The week’s best plays: Asking for It and Playboy of the Western World

Louis O’Neill’s Asking for It is revived for the Gaiety, while Playboy crosses the Border


Asking for It
Gaiety Theatre, Dublin. Oct 9-26 7.30pm
Emma O'Donovan, a fifth-year schoolgirl with brittle self-esteem, has become accustomed to seeing herself through a cascade of images: a beauty to be fussed over by a neurotic mother; the "queen bee" of her Cork school; a social media darling and even billboard model.
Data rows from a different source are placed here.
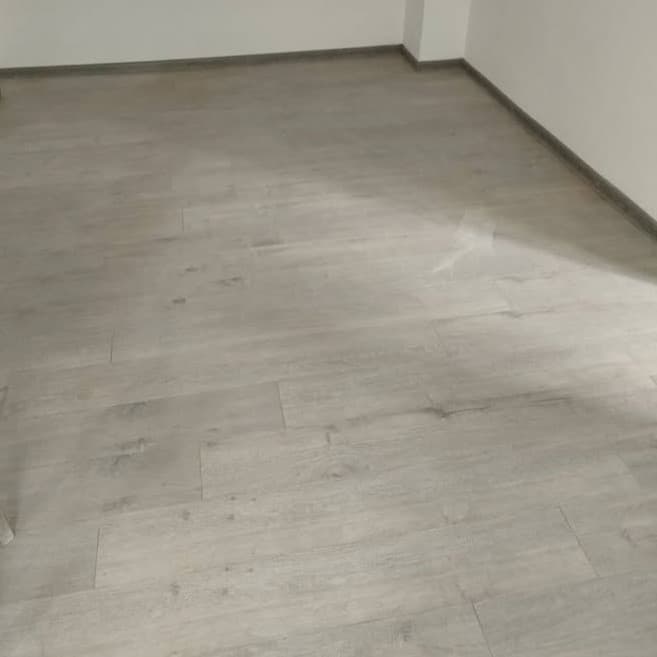 Postavljanje laminata u stanu na Vracaru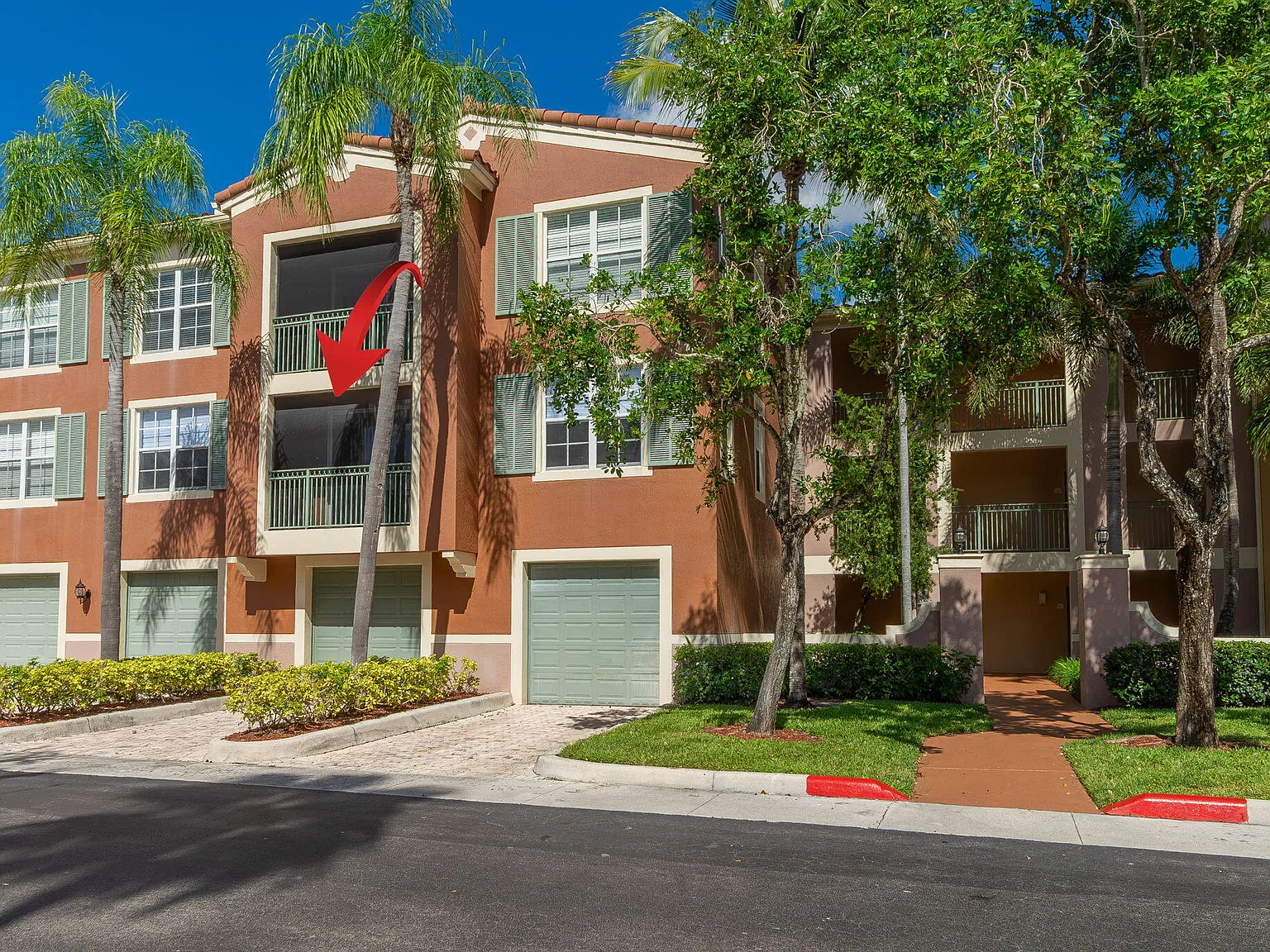 2 bed, 2.0 bath, 1174 sqft, $3,000 — Photo 2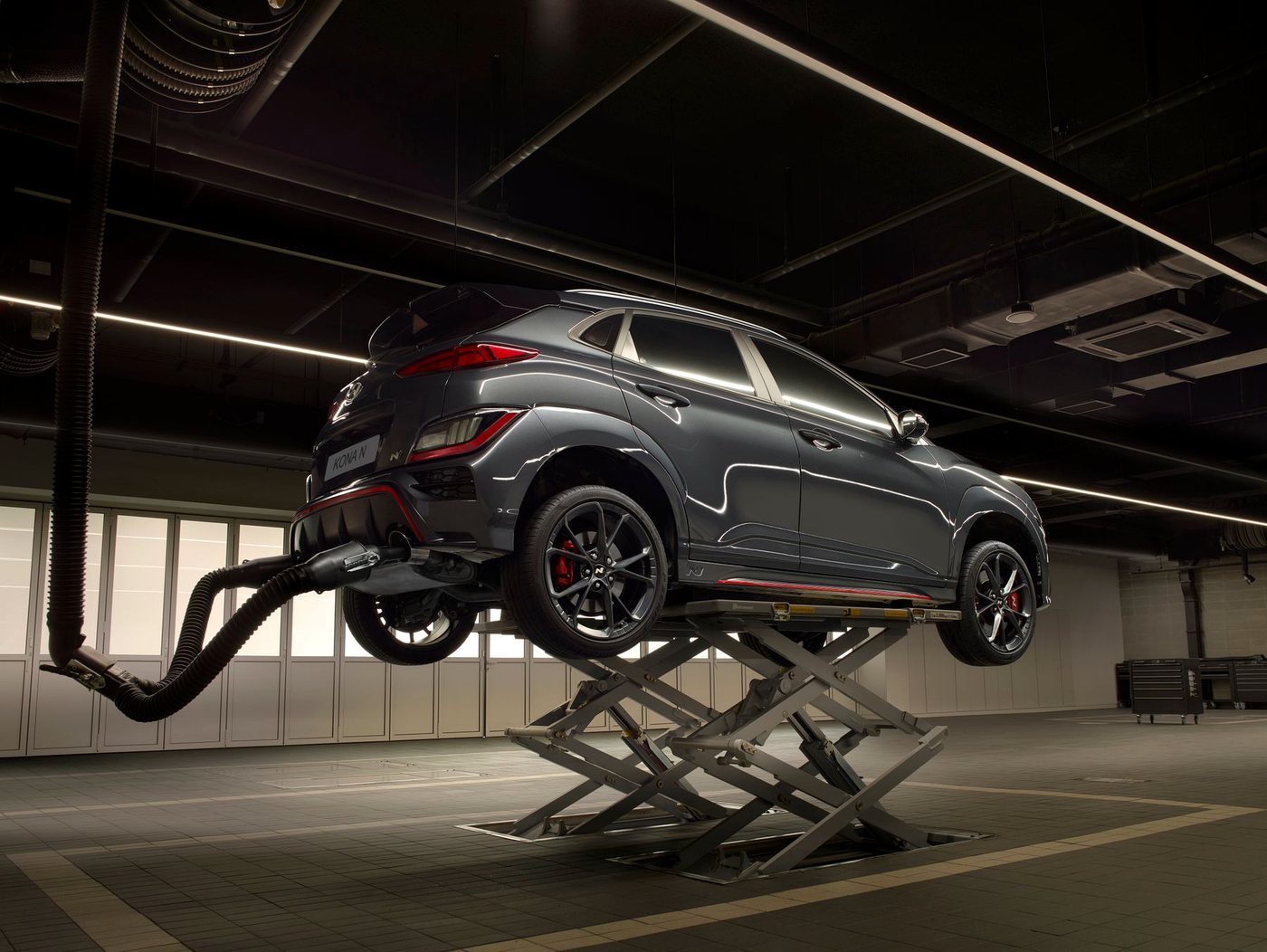 Vehicle service bay with lift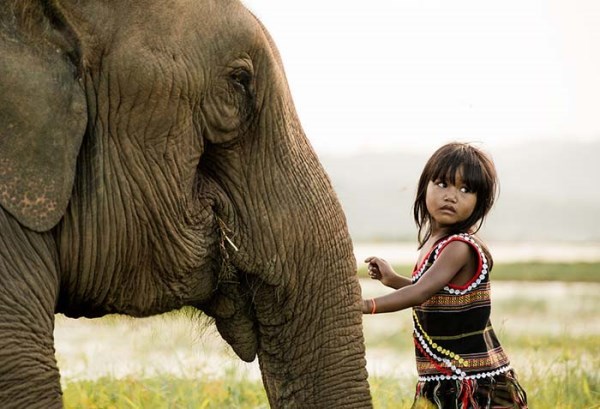 透过法国摄影师的视角看越南各族同胞的生活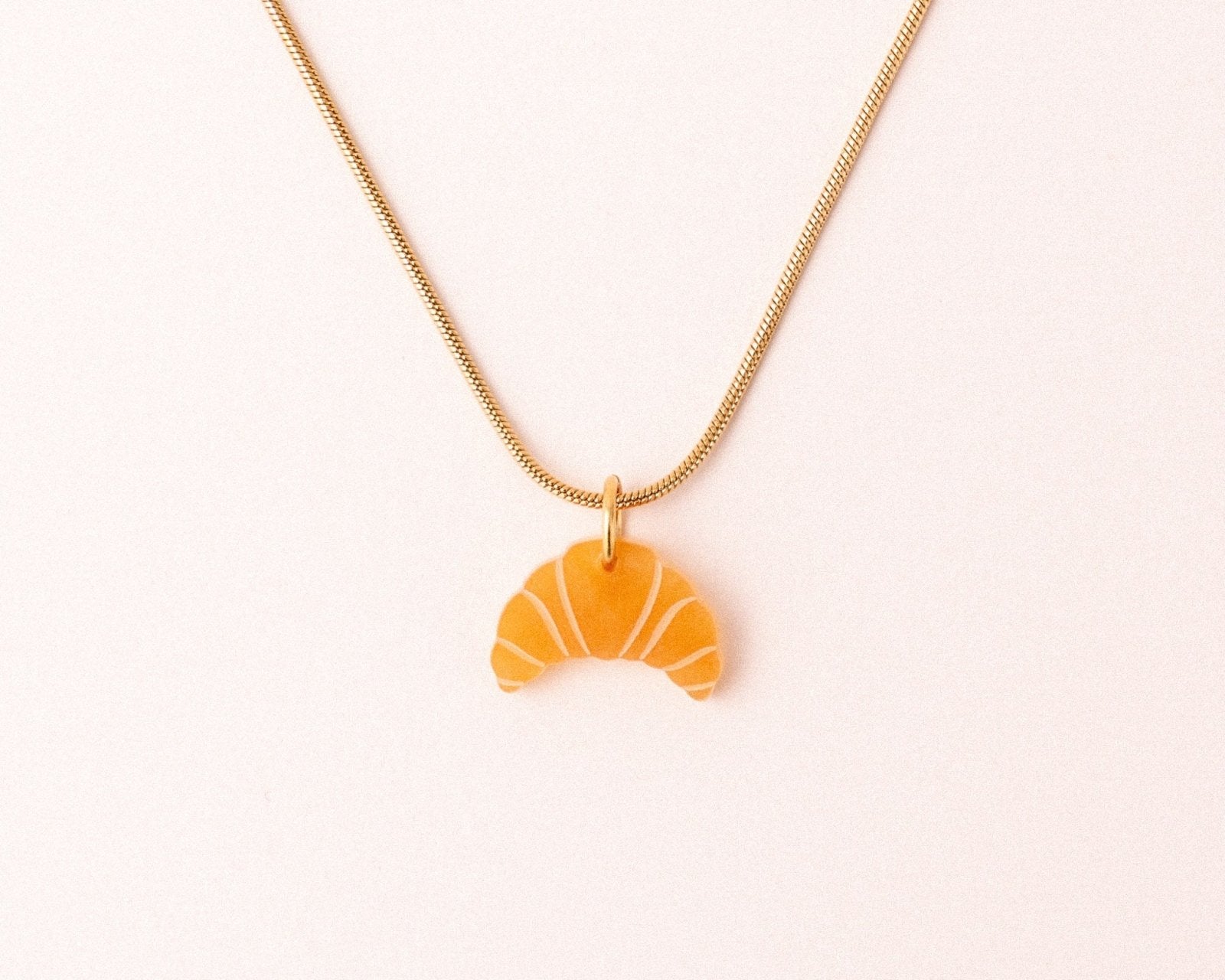 Elegante Kette mit Croissant Anhänger - acutecolor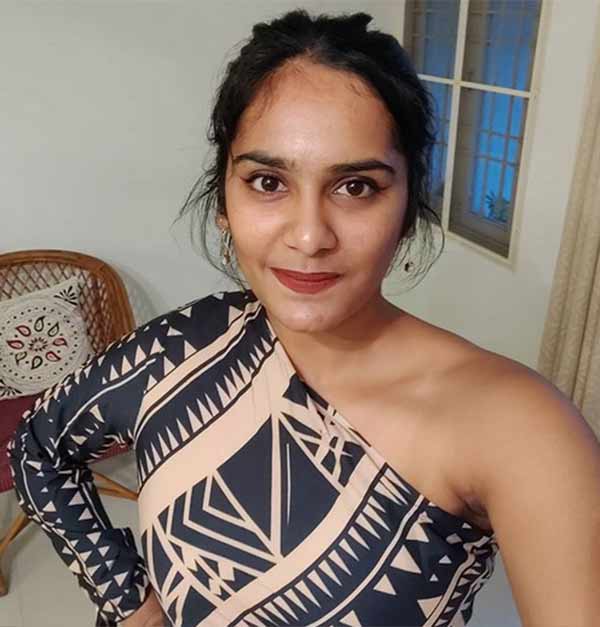 ஹாட் படங்கள்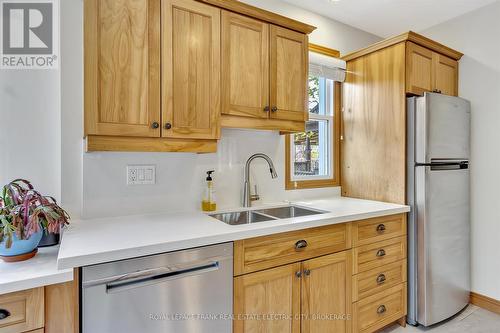 509 Gilmour Street, Peterborough, ON - Indoor Photo Showing Kitchen With Double Sink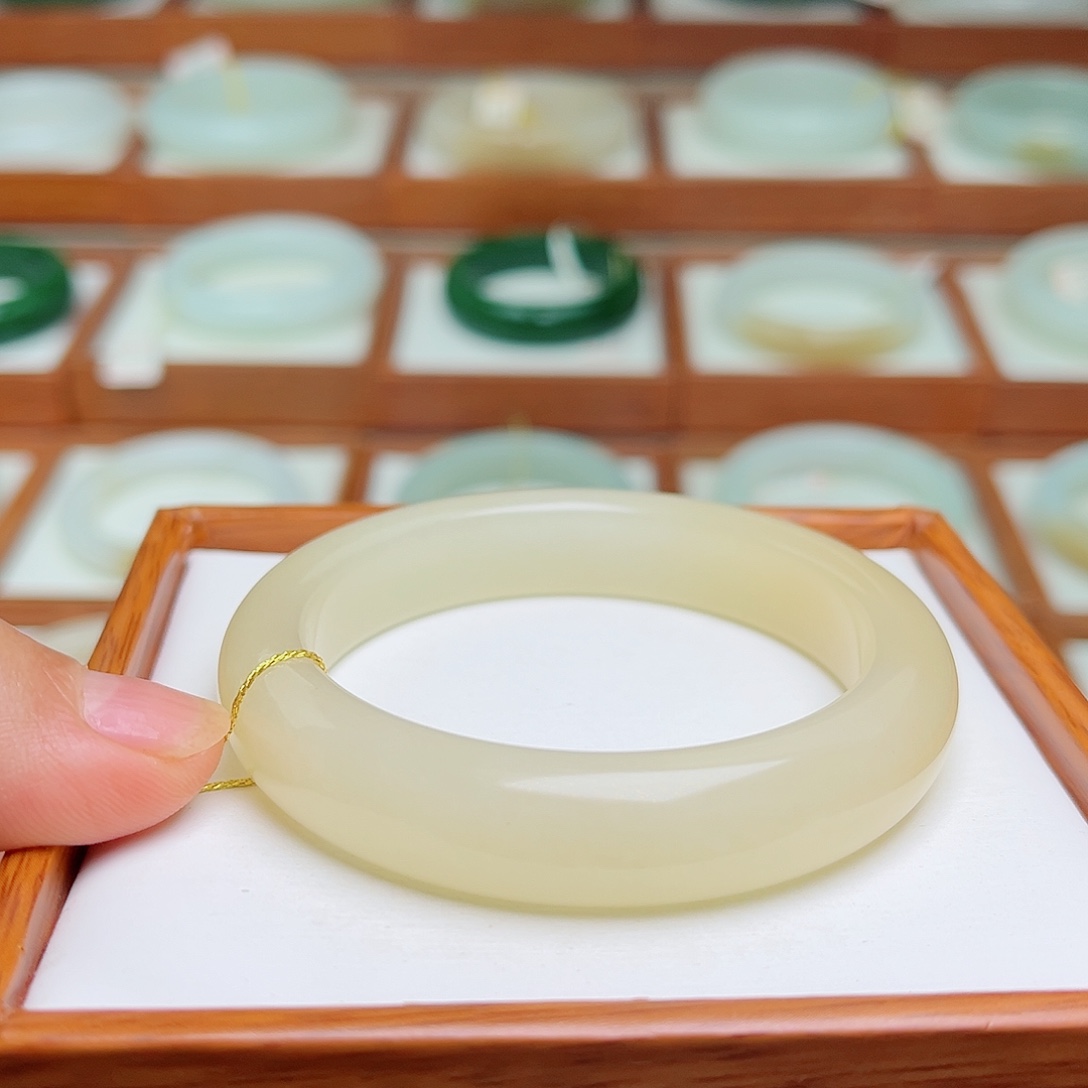 未镶嵌手镯和田玉53.2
But at a pivotal moment in Louise O'Neill's 2015 novel Asking For It, she doesn't recognise herself in a stream of degrading images, widely shared online. "She is an It," Emma says of the subject, herself, the victim of a gang rape. "She is a thing."

In this gruelling production by Landmark Productions and the Everyman, written by Meadhbh McHugh in collaboration with director Annabelle Comyn, Emma is again startlingly objectified, split between the competing perspectives of small twitching community, the media, online trolls. That fracture informs Comyn's striking production, an unsettling anatomy of rape culture, divided uneasily between the flaring energy of youth, excitingly depicted, and the suffocations of a hypocritical society, which finally swamp and overwhelm the story. "I belong to those other boys, as surely as if they have stamped me with a cattle brand," says Emma, in the end as comprehensively "ruined" as the subject of a Victorian "fallen woman" novel. The idea that victimhood is for ever, though, is also a facet of rape culture: neither O'Neill nor the show are immune to harmful images.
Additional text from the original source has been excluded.